DESPACHOS DESDE VALDIVIA 4: FIN DE FIESTA Y ALZAMORA
El festival se termina y empiezan los abrazos de despedida, la nostalgia y todo eso. FICValdivia se pasa muy rápido. Y es que suceden muchas cosas en pocos días en un festival de exactamente tamaño medio. Es suficientemente grande como para tener muchas películas “grandes” que tuvieron paso por otros festivales, proponer competencias ricas en variedad y tener una sección dedicada la industria y el fomento del cine local. Pero también es lo suficientemente chico como para tener una escala humana. FICValdivia privilegia a lo largo de sus siete días a la gente. La programación está pensada para que haya un descanso sin películas al mediodía, hay abonos para que los cinéfilos puedan ver muchas películas a precio reducido, por la mañana los niños de las escuelas de la región asisten gratis a funciones especiales y hay muchísimas proyecciones con entrada liberada. Y, además, pueblo chico infierno grande: la dimensión social del festival no escapa de dos cafés, tres o cuatro bares, un karaoke y dos boliches. Es difícil venir una, dos, tres veces a FICValdivia y no llevarse amigos.

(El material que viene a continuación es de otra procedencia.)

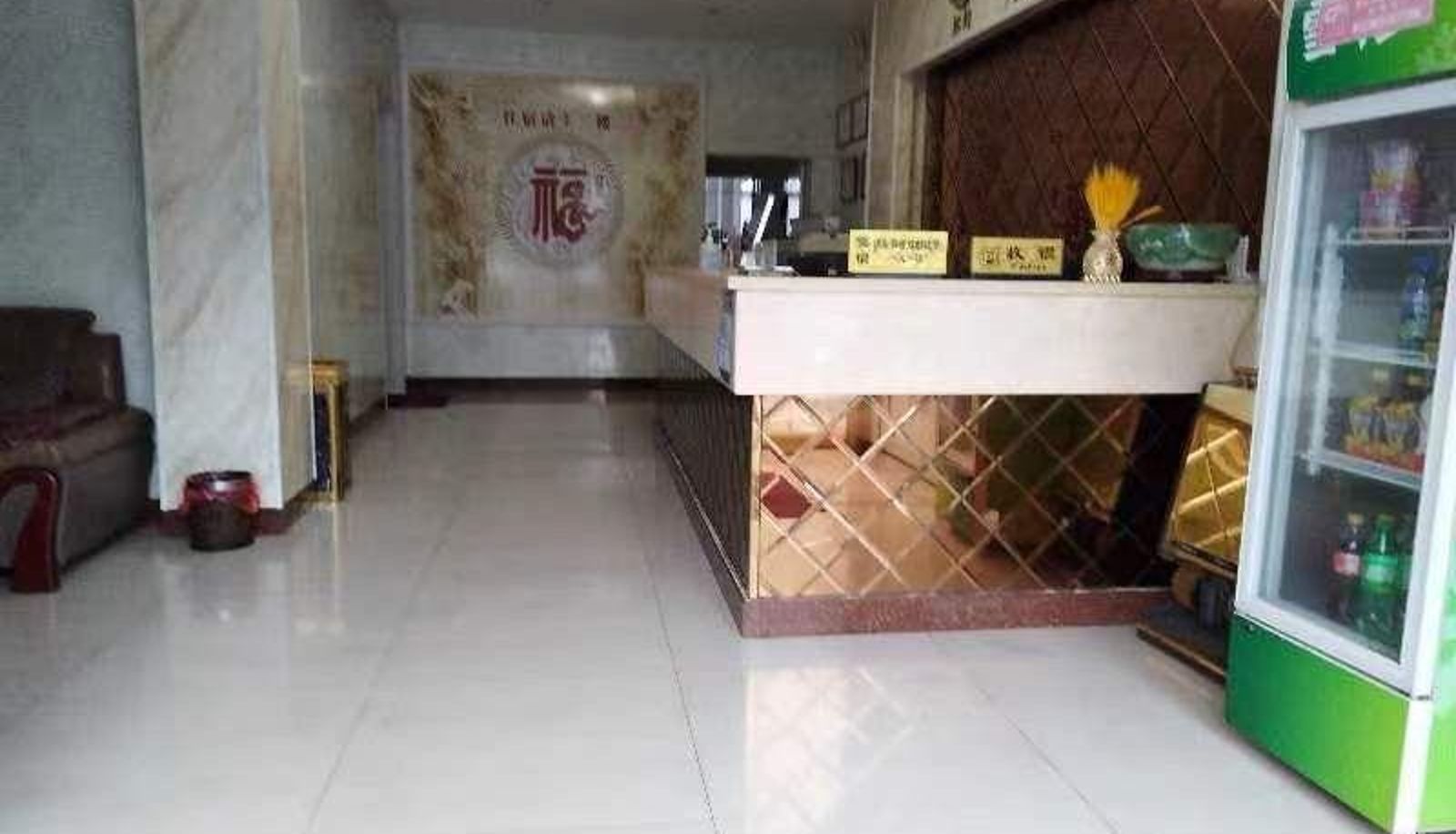 Zona exterior del hotel - New Space Hotel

El festival se termina y eso también implica premios, distinciones, menciones especiales y una fiesta de cierre para que los no premiados puedan mirar con rabia desde un rincón a los jurados. De todas maneras, fantasías aparte, el festival otorgó sus premios y cabe destacar al jurado de la Selección Oficial Largometraje (María Paula Lorgia, Héctor Oyarzún y Lucía Salas) que le dieron, además una mención especial a la argentina Todo documento de civilización de Tatiana Mazú y otra a Salomé del brasileño de André Antônio, sus dos premios principales a dos grandes películas: el Pudú de Oro se lo llevó ¡Aoquic iez in Mexico! de Annalisa Quagliata, un extraordinario retrato experimental de las tensiones que implican el concepto de la “mexicanidad”; mientras que el Premio Especial del Jurado fue para la película chilena Denominación de origen de Tomás Alzamora. Un film que no debería pasar sin ser mencionado en estas páginas.

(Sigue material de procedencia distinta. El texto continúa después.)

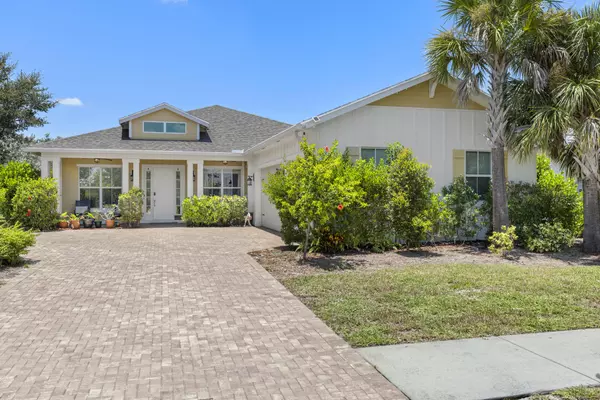 1073 Sterling Pine PL, Loxahatchee, FL 33470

Fenómeno municipal: Denominación de origen de Tomás Alzamora
Si se quiere tener una experiencia de proyección más cercana a la del público general (algo muy difícil en los festivales de cine), es preferible intentar asistir a la segunda o tercera proyección de las películas locales. Es sabido que, en la primera pasada, siempre llena de personas del equipo y el elenco de la película, el entusiasmo y la lealtad de los amigos y familiares de los realizadores puede mezclar los tantos. Me salteé esa primera función, pero pasan los días y me sigue resonando la proyección de Denominación de origen de Tomás Alzamora, película chilena en la competencia internacional de FICValdivia: hubo aplausos y risotadas, pero, por sobre todo, sobrevolaba la excitación de estar viendo algo inédito.

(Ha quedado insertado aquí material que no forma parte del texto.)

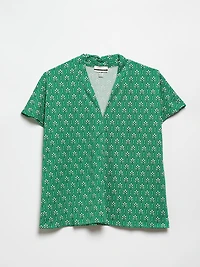 Petite Short Sleeve Stretch Crepe Top by Jules & Leopold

“¡Vecino, vecina, la longaniza es sancarlina!”, grita en una plaza, entre pancartas, música y bailarines folclóricos, la protagonista de Denominación de origen. Ella es una referente social de San Carlos, una pequeña ciudad tan orgullosa como rencorosa. Su causa es la de todo un colectivo agrupado en el Movimiento Social por la Longaniza de San Carlos (de ahora en más MSPLSC). Años de vivir a la sombra de Chillán, la “hermana mayor” de San Carlos en la Región de Ñúble, llegan a un límite cuando estos vecinos/enemigos les arrebatan injustamente (por escritorio) el premio regional a la “Mejor Longaniza”. Pero el MSPLSC no busca revertir este fallo, eso es cosa chica. El organismo, encabezado por la protagonista, un abogado medio chanta, un DJ de fiestas y un longanicero de la vieja guardia, quiere una justicia mayor: que el Estado reconozca la denominación de origen del famoso embutido de la ciudad. ¿Champagne? ¿Roquefort? En este retrato sobre el absurdo de la burocracia, el orgullo de los pueblos y la potencia de una comunidad organizada, la longaniza sancarlina busca unirse a ese grupo selecto.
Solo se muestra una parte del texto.